--- DATASET EXTRACT ---
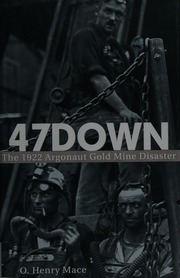 47 Down The 1922 Argonaut Gold Mine Disaster Mace O Henry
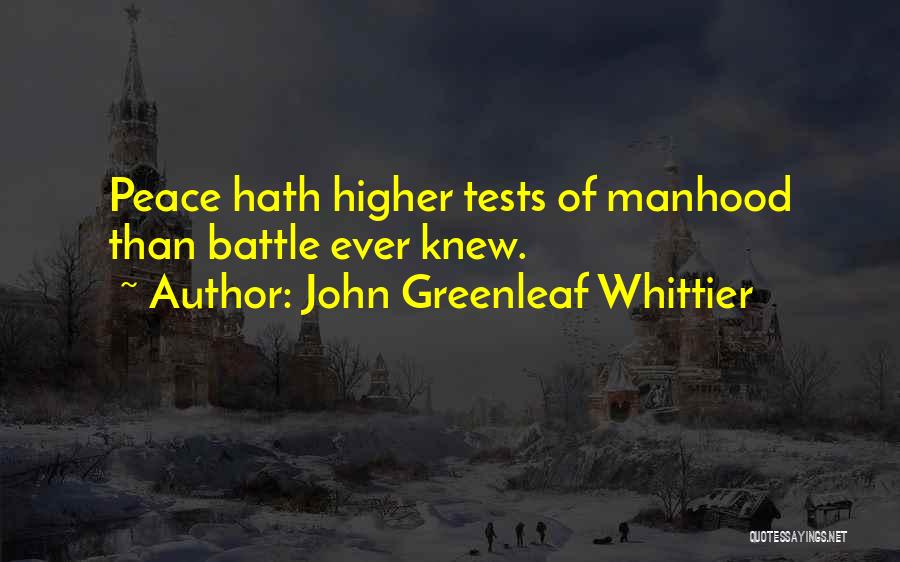 John Greenleaf Whittier Quotes: Peace Hath Higher Tests Of Manhood Than Battle Ever Knew.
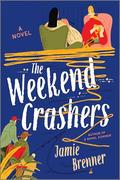 The Weekend Crashers: A Novel by Jamie Brenner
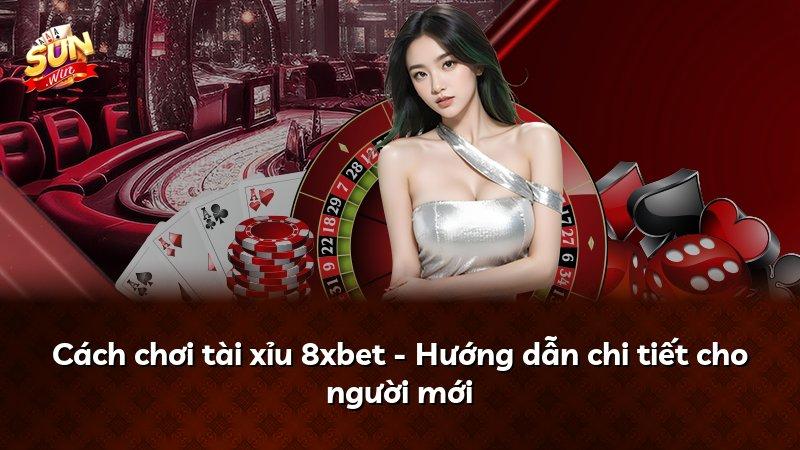 Cách chơi tài xỉu 8xbet - Hướng dẫn chi tiết cho người mới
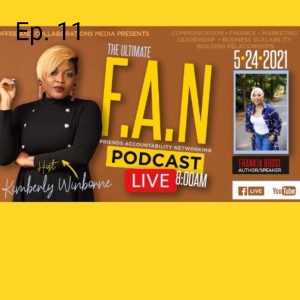 Ep. 11 The Ultimate F.A.N Podcast w/ Author/ Speaker Frankia Boose!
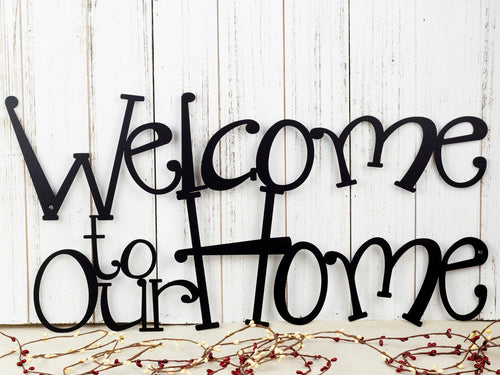 Welcome To Our Home Metal Sign Outdoor Sign Welcome Wall Hanging Metal Wall Decor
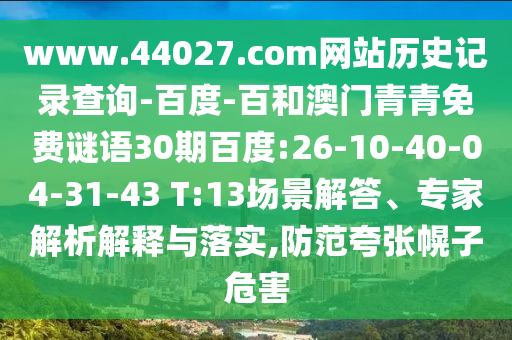 www.44027.com网站历史记录查询-百度-百和澳门青青免费谜语30期百度:26-10-40-04-31-43 T:13场景解答、专家解析解释与落实,防范夸张幌子危害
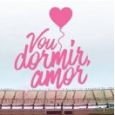 Vou dormir Amor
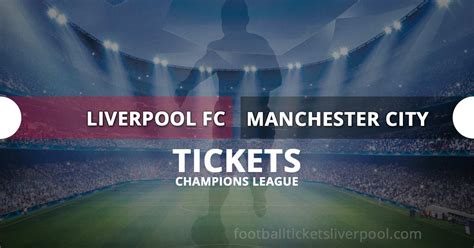 Liverpool FC vs Manchester City tickets | Champions League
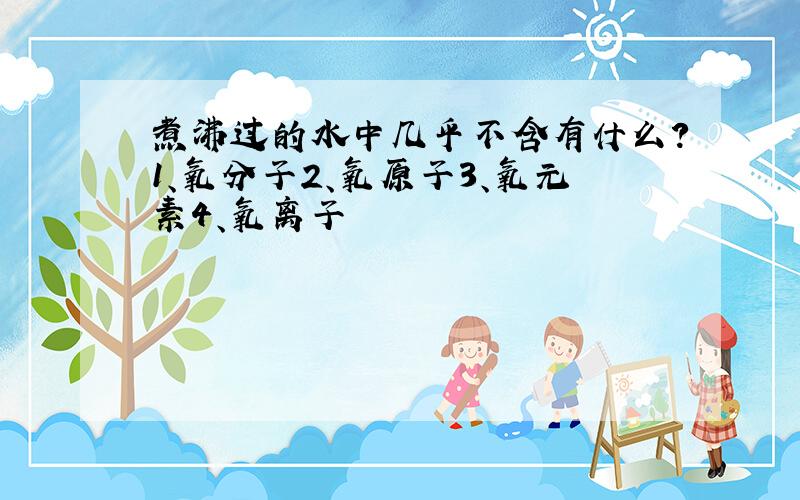 煮沸过的水中几乎不含有什么?1、氧分子2、氧原子3、氧元素4、氧离子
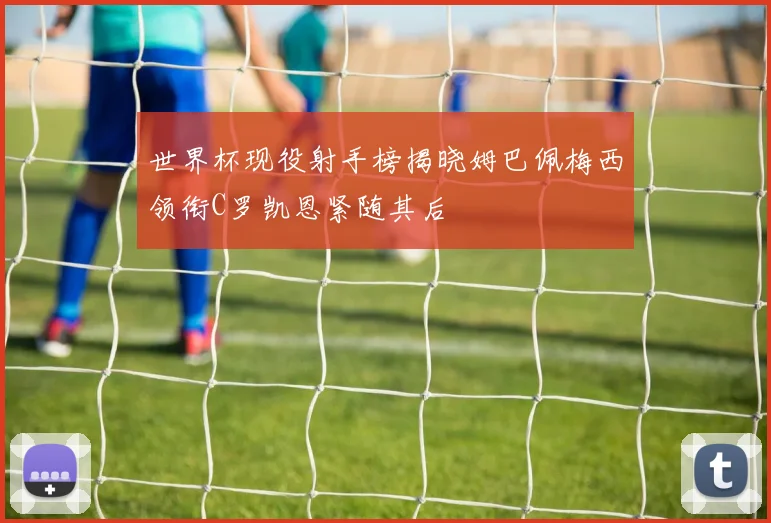 世界杯现役射手榜揭晓姆巴佩梅西领衔C罗凯恩紧随其后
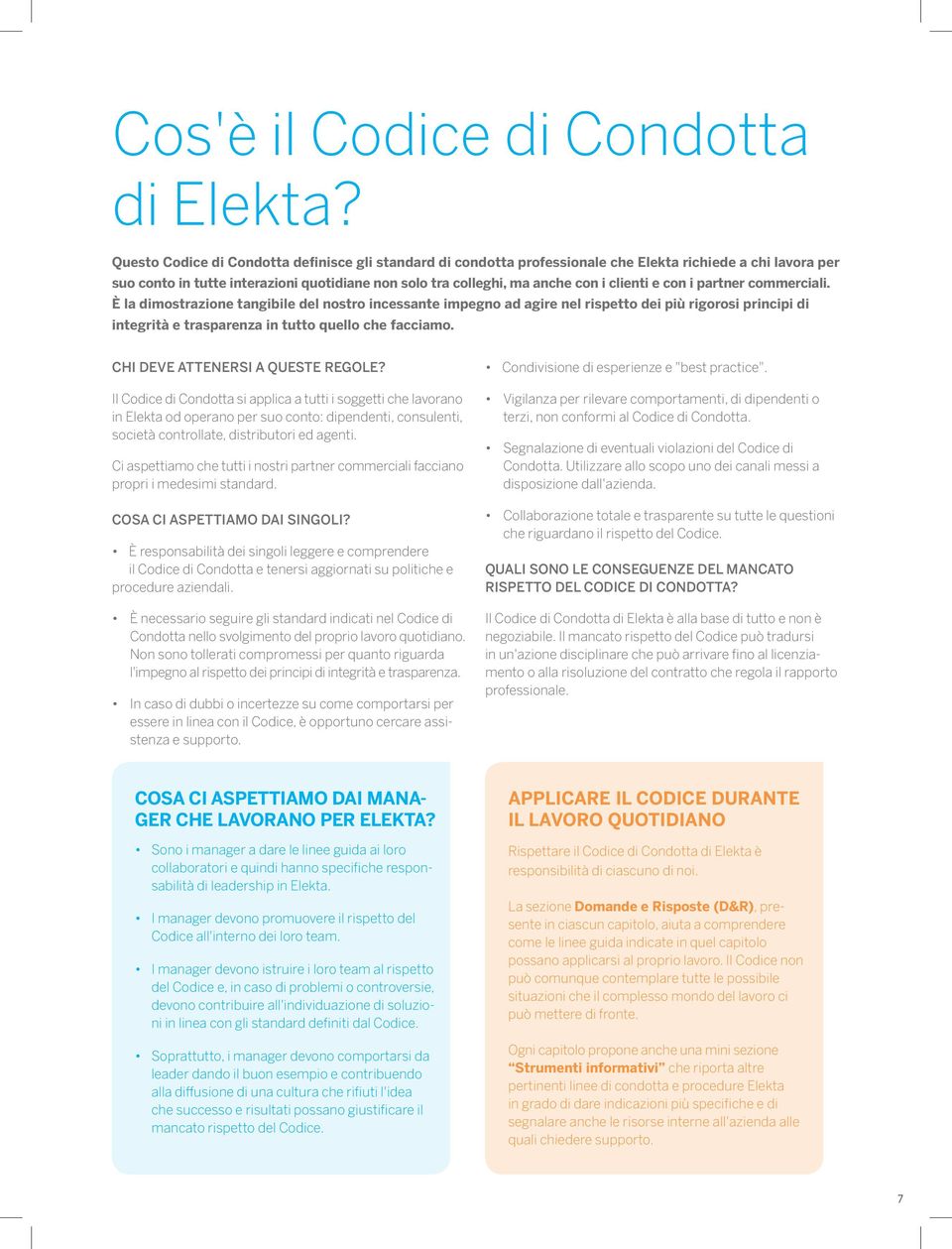 e con i partner commerciali. È la dimostrazione tangibile del nostro incessante impegno ad agire nel rispetto dei più rigorosi principi di integrità e trasparenza in tutto quello che facciamo.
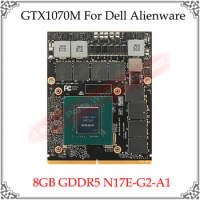 GTX1070M GTX 1070M Video Graphics Card 8GB GDDR5 N17E-G2-A1 For Dell Alienware For MSI GT70 GT80 For HP 8760W For Clevo P170EM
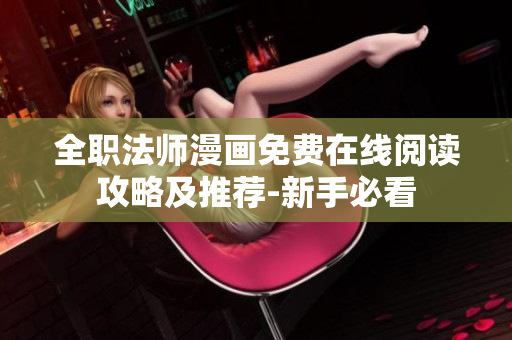 全職法師漫畫(huà)免費(fèi)在線閱讀攻略及推薦-新手必看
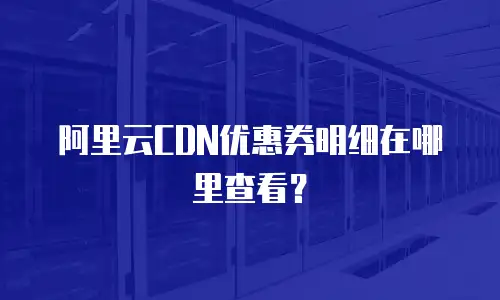 阿里云CDN优惠券明细在哪里查看？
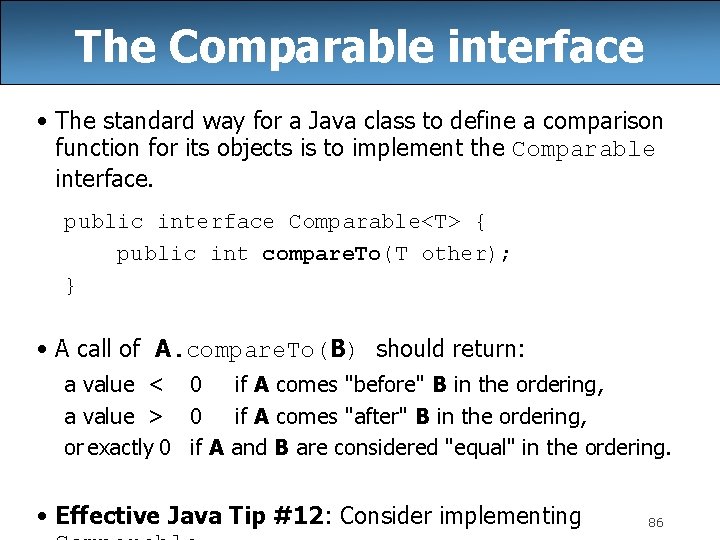 The Comparable interface • The standard way for a Java class to define a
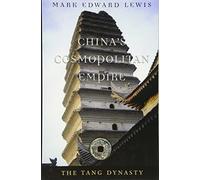 China's Cosmopolitan Empire: The Tang Dynasty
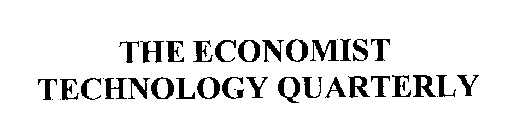 THE ECONOMIST TECHNOLOGY QUARTERLY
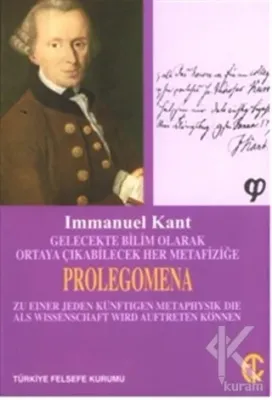 Gelecekte Bilim Olarak Ortaya Çıkabilecek Her Metafiziğe Prolegomena %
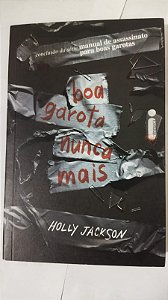 Boa garota nunca mais -  Holly Jackson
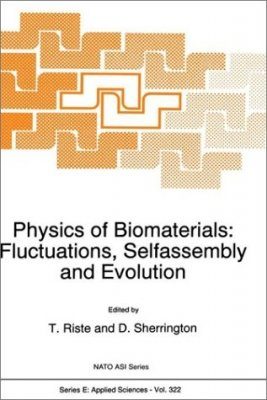 Physics of Biomaterials: Fluctuations, Selfassembly and Evolution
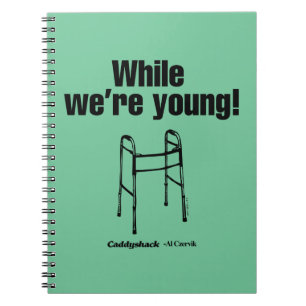 Caddyshack While We're Young! Notebook
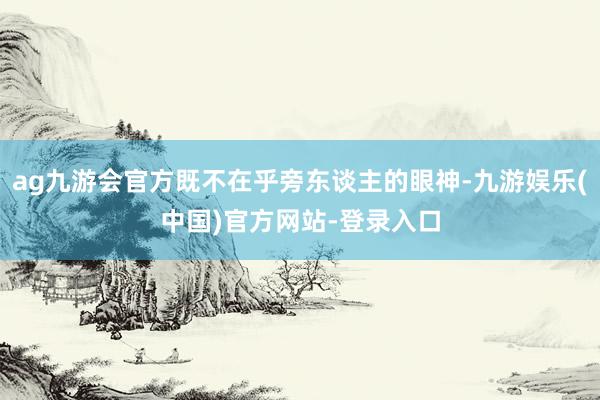 ag九游会官方既不在乎旁东谈主的眼神-九游娱乐(中国)官方网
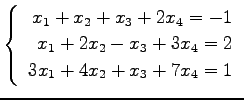 $ \left\{\begin{array}{r}
x_1+x_2+x_3+2x_4=-1 \\
x_1+2x_2-x_3+3x_4=2 \\
3x_1+4x_2+x_3+7x_4=1
\end{array}\right. $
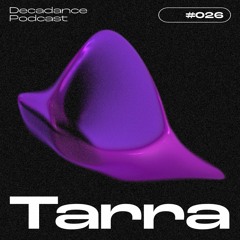 Decadance #026 | Tarra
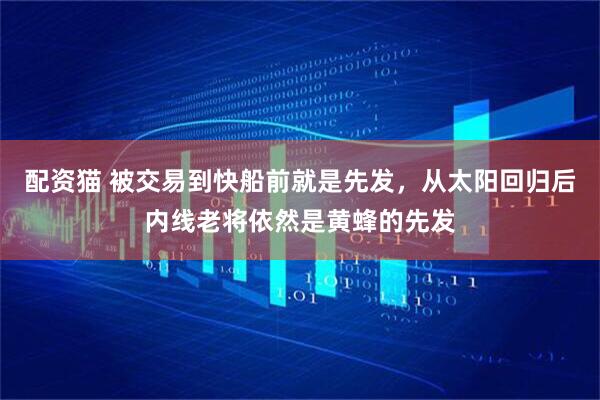 配资猫 被交易到快船前就是先发，从太阳回归后内线老将依然是黄蜂的先发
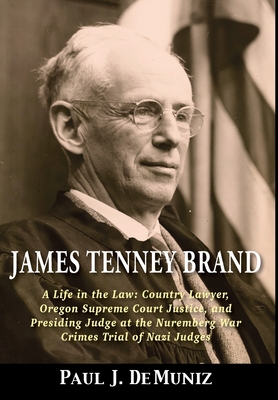 James Tenney Brand: A Life in the Law: Country Lawyer, Oregon Supreme Court Justice, and Presiding Judge at the Nuremberg War Crimes Trial - Paul J. Demuniz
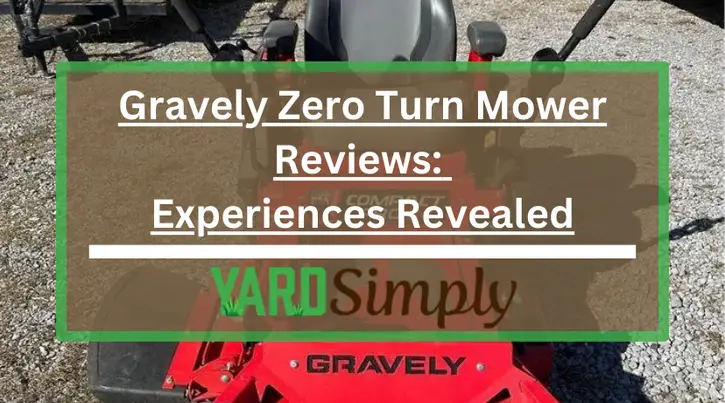 Gravely Zero Turn Mower Reviews: Experiences Revealed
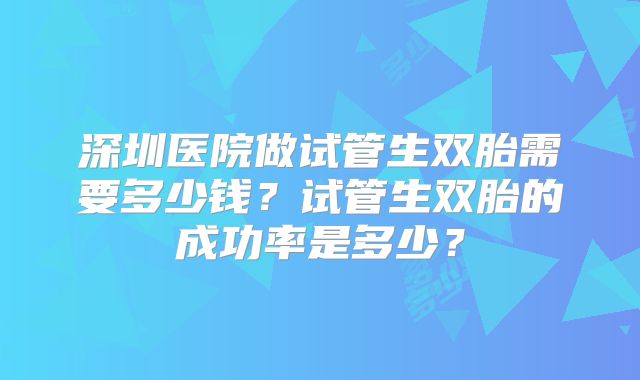 深圳医院做试管生双胎需要多少钱？试管生双胎的成功率是多少？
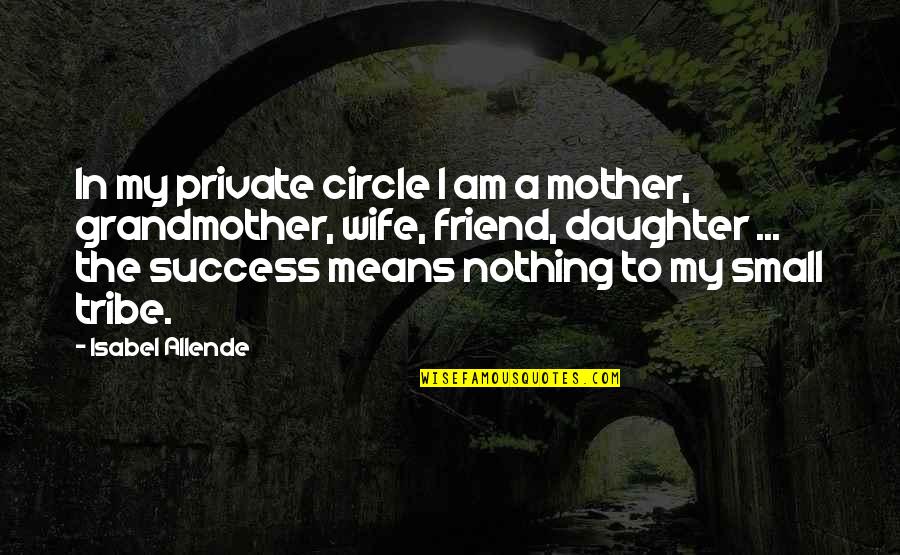 For My Wife And Daughter Quotes By Isabel Allende: In my private circle I am a mother,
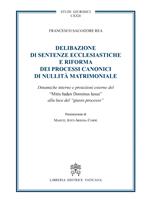 Delibazione di sentenze ecclesiastiche e riforma dei processi canonici di nullità matrimoniale. Dinamiche interne e proiezioni esterne del 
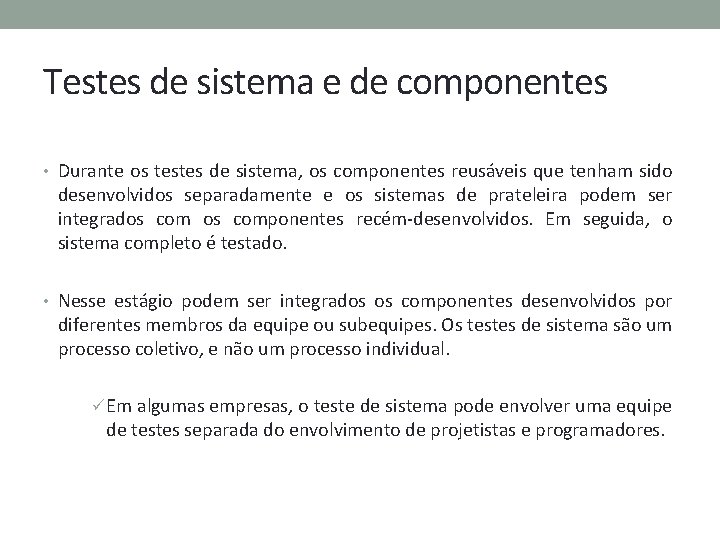 Testes de sistema e de componentes • Durante os testes de sistema, os componentes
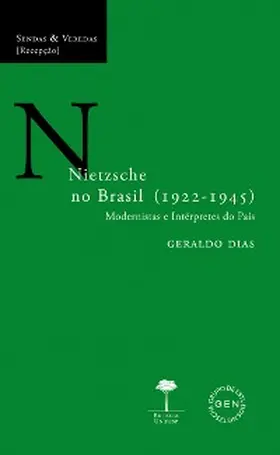 Dias |  Nietzsche no Brasil (1922-1945)¿ | eBook | Sack Fachmedien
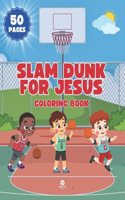 Slam Dunk For Jesus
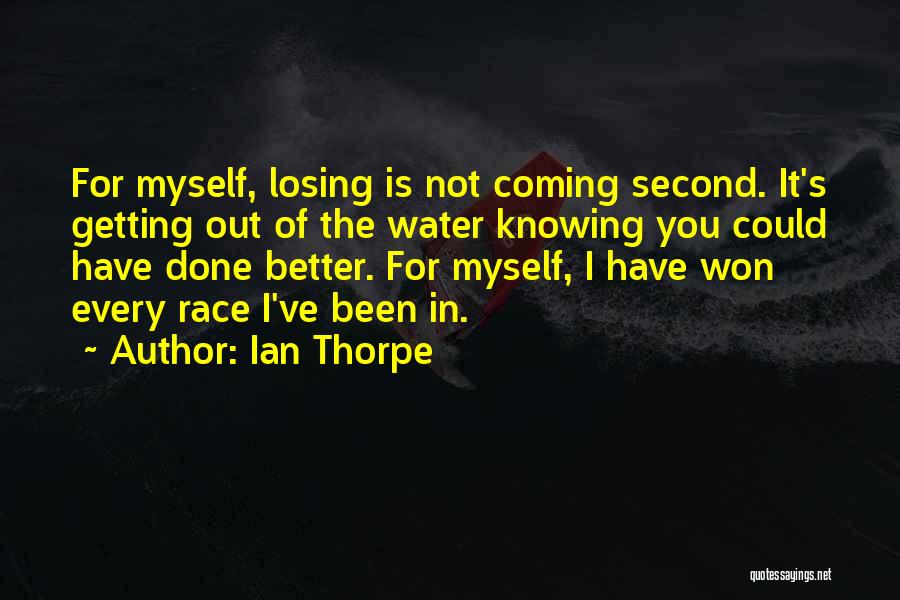 Ian Thorpe Quotes: For Myself, Losing Is Not Coming Second. It's Getting Out Of The Water Knowing You Could Have Done Better. For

--- WHAT YOU ARE ASKED TO DO ---
Return verbatim every line from the one holding "The Comparable interface" to the end of the records above. Do not copy the pictures.

--- WRITTEN SOLUTION ---
 The Comparable interface • The standard way for a Java class to define a
 China's Cosmopolitan Empire: The Tang Dynasty
 THE ECONOMIST TECHNOLOGY QUARTERLY
 Gelecekte Bilim Olarak Ortaya Çıkabilecek Her Metafiziğe Prolegomena %
 Boa garota nunca mais -  Holly Jackson
 Physics of Biomaterials: Fluctuations, Selfassembly and Evolution
 Caddyshack While We're Young! Notebook
 ag九游会官方既不在乎旁东谈主的眼神-九游娱乐(中国)官方网
 $ \left\{\begin{array}{r}
x_1+x_2+x_3+2x_4=-1 \\
x_1+2x_2-x_3+3x_4=2 \\
3x_1+4x_2+x_3+7x_4=1
\end{array}\right. $
 Decadance #026 | Tarra
 配资猫 被交易到快船前就是先发，从太阳回归后内线老将依然是黄蜂的先发
 James Tenney Brand: A Life in the Law: Country Lawyer, Oregon Supreme Court Justice, and Presiding Judge at the Nuremberg War Crimes Trial - Paul J. Demuniz
 Gravely Zero Turn Mower Reviews: Experiences Revealed
 深圳医院做试管生双胎需要多少钱？试管生双胎的成功率是多少？
 For My Wife And Daughter Quotes By Isabel Allende: In my private circle I am a mother,
 Delibazione di sentenze ecclesiastiche e riforma dei processi canonici di nullità matrimoniale. Dinamiche interne e proiezioni esterne del 
 Testes de sistema e de componentes • Durante os testes de sistema, os componentes
 Dias |  Nietzsche no Brasil (1922-1945)¿ | eBook | Sack Fachmedien
 Slam Dunk For Jesus
 Ian Thorpe Quotes: For Myself, Losing Is Not Coming Second. It's Getting Out Of The Water Knowing You Could Have Done Better. For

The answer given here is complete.